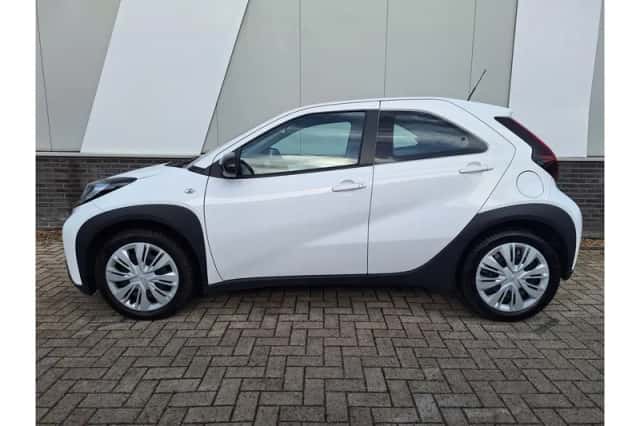 Toyota Aygo X (2022) thumbnail 6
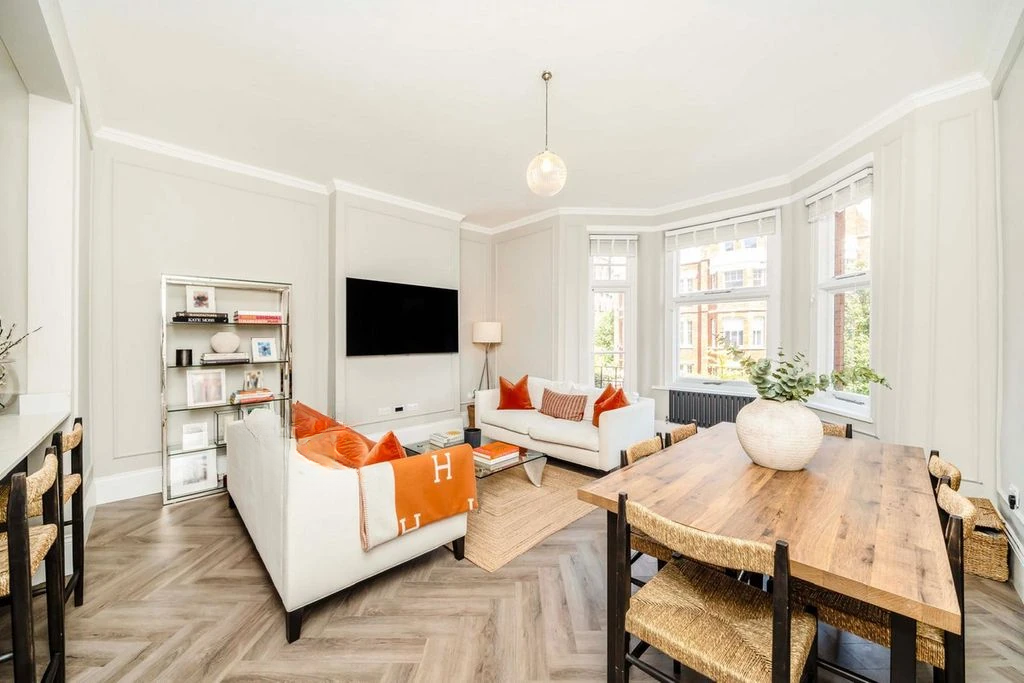 Flat in London, United Kingdom, 96 m² - picture 5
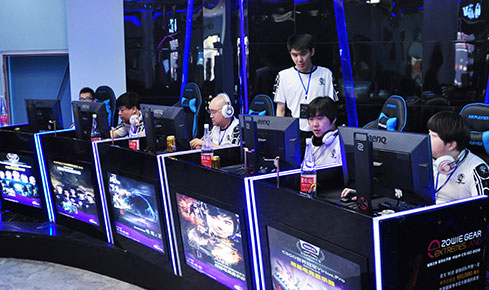 往往由他的 往往由他的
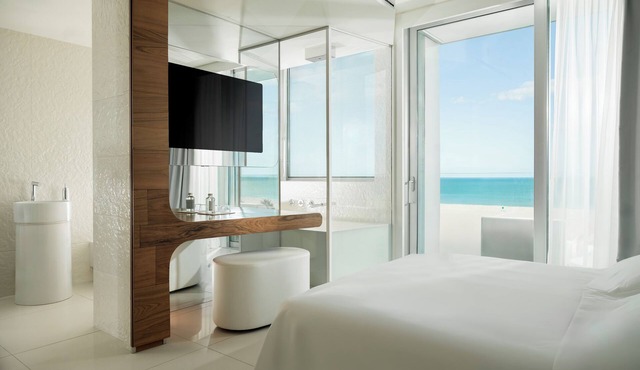 i-Suite Hotel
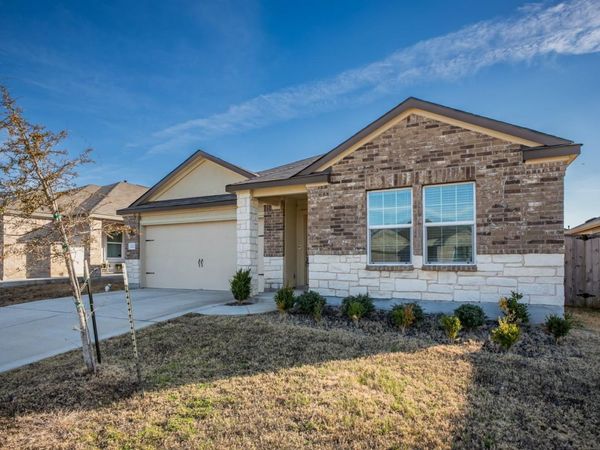 322 Arnage DR, Hutto, TX 78634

★ ★ ★

#### Exercise goal:
Word for word, print every record, and leave out any picture.

#### Solution to this problem:
 Toyota Aygo X (2022) thumbnail 6
 Flat in London, United Kingdom, 96 m² - picture 5
 往往由他的 往往由他的
 i-Suite Hotel
 322 Arnage DR, Hutto, TX 78634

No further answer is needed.